2 Abril 2022      14:12

Está aqui

O espaço entre as árvores

Viajo de comboio. Sentado no meu assento, percorro as diferentes terras, as diferentes casas escondidas atrás das árvores e além do arame que separa a linha do resto do mundo.

Vejo-me no espaço entre as árvores, através de um vidro meio empoeirado.

O facto de viajar de comboio, numa linha quase recta sem sobressaltos faz-me olhar, concentrado, para o espaço entre as árvores, para o que me foge da vista e não se deixa apanhar pela minha retina. Não me é possível focar num só elemento, nem guardar na memória tudo aquilo que passa por mim, ou melhor, aquilo por que passo.

As viagens solitárias são momentos que nos fazem pensar sobre as coisas que, no nosso pensamento, em outras alturas, não se anunciam. Nestas viagens o nosso pensamento busca muitas vezes o insólito, o desconhecido que em outros momentos não nos incomoda. Hoje penso no espaço entre as árvores, naquilo que vejo e conheço, naquilo que desconheço e observo. Um espaço que pode ser vazio ou preenchido. Tal como as viagens que fazemos dentro de nós, estas são as que melhor nos ajudam a conhecer aquilo que preenche o espaço dentro de nós. Nas viagens introspectivas conhecemos os nossos espaços entre as árvores, os vazios, os repletos, os saudáveis, os tóxicos.

Continuo a olhar pela janela empoeirada, correndo contra o tempo, como a linha de metal e blocos de betão que a meu lado foge de mim. Em momentos, as paragens descansam-me e, como em tantas outras ocasiões, o comboio volta a ganhar velocidade. Assim é nos nossos pensamentos e nas nossas viagens pessoais. Precisamos de momentos de paragem, para que o fôlego retome e, no arranque de novos projetos, a velocidade recomendada é aquela que a prudência avisa que se faça em gradação saudável.

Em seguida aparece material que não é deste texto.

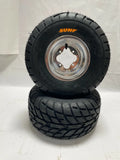 DWT A5 Polished Rear Wheels & Sunf A021 Tires for Banshee YFZ450 Raptor 700 (2004–2023)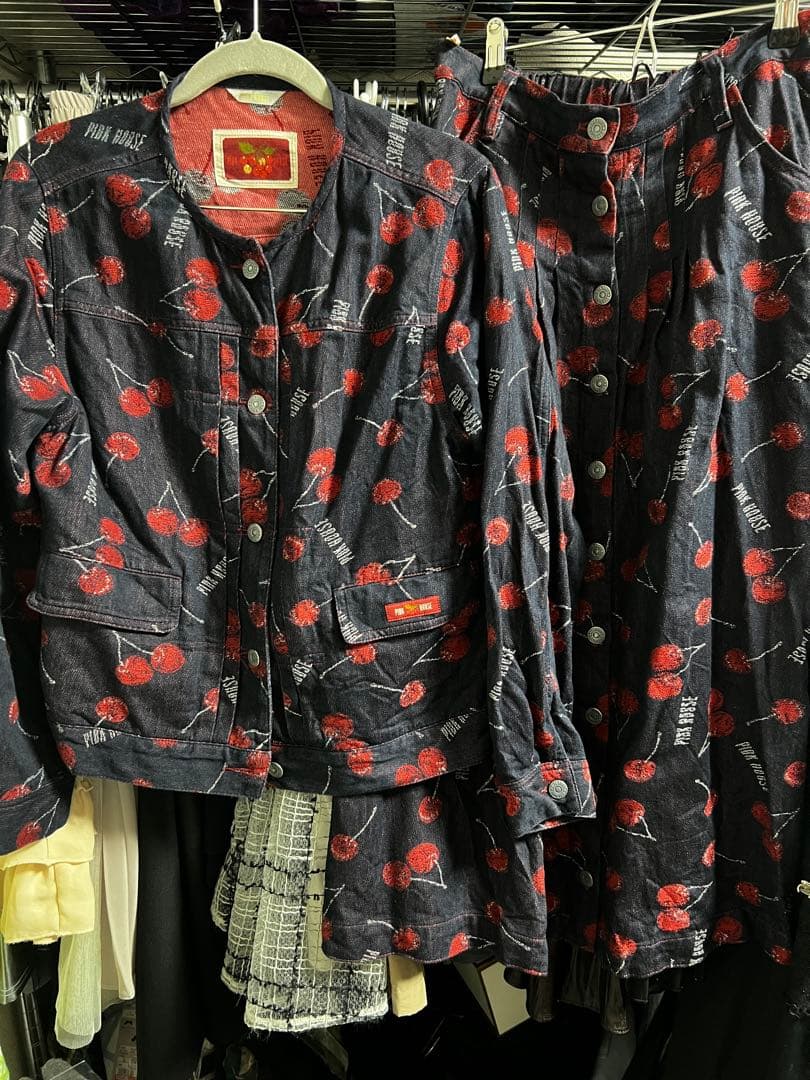 ピンクハウス　さくらんぼ　デニム　ジャケット　スカート　チェリー柄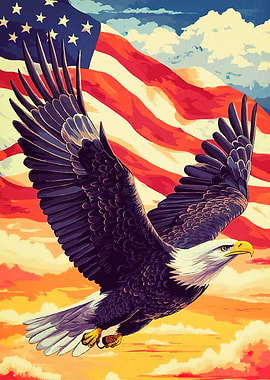 American Eagle Soaring Flag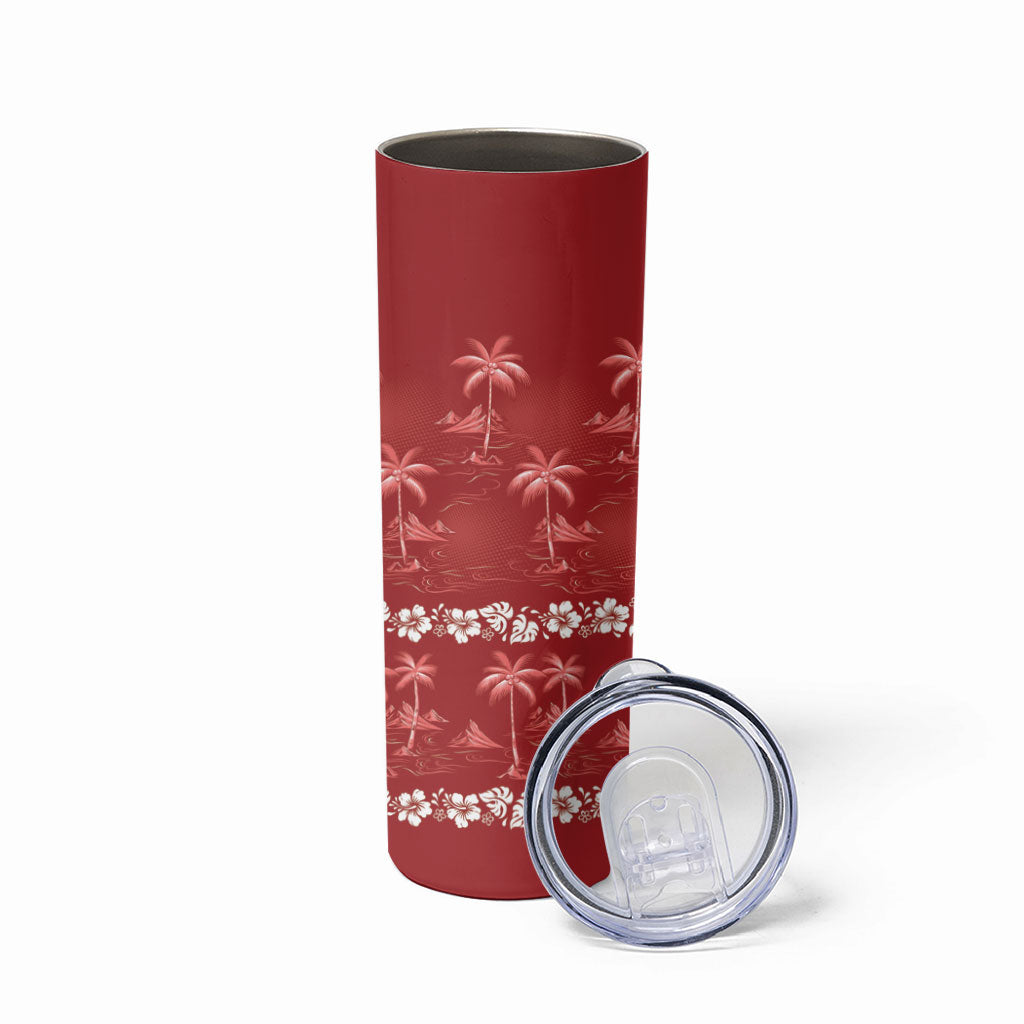 Red Hawaii Palm Tree Hibiscus Skinny Tumbler Fantasy Summer Vibe LT01 - Polynesian Pride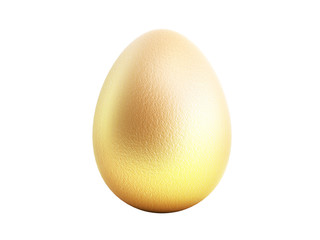 single golden egg 3d render on white background no shadow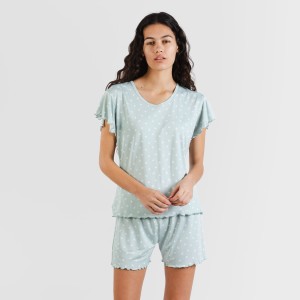 Pijama manga curta mulher soft Natalie verde tiffany 2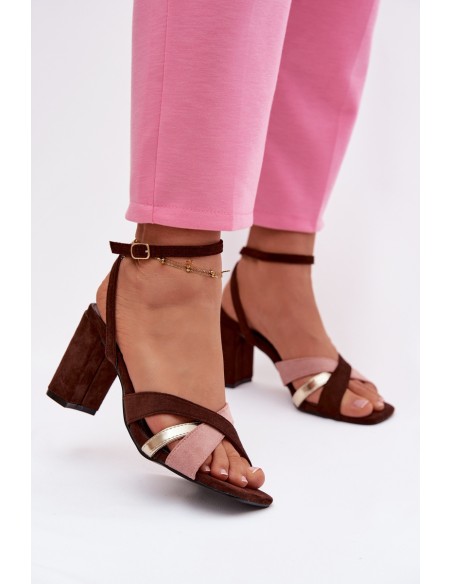 Women's Block Heel Sandals With Straps Eco Suede Chocolate Karilora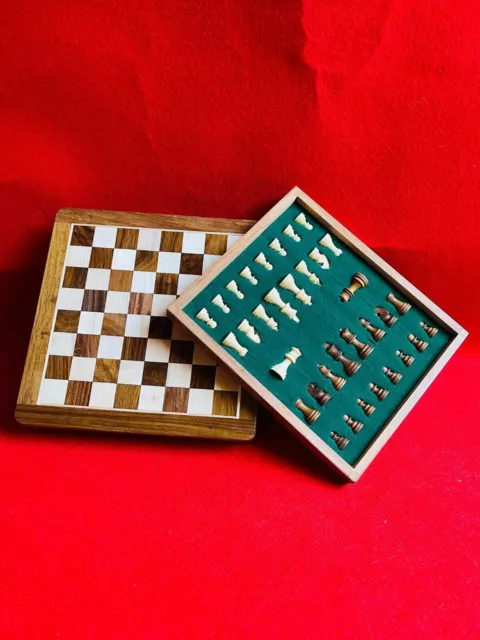 Mini 5'' Magnetic Travel Pocket Wooden Square Chess Set Game Board Gift Portable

Continuo as viagens paralelas e encerro os olhos. Sinto que a viagem física continua, pelo movimento e, estranhamente, continuo a visualizar os espaços entre as árvores e tudo aquilo que o meu pensamento busca e partilha comigo. Com os olhos fechados, através da janela empoeirada, situo-me perfeito nos espaços entre as árvores.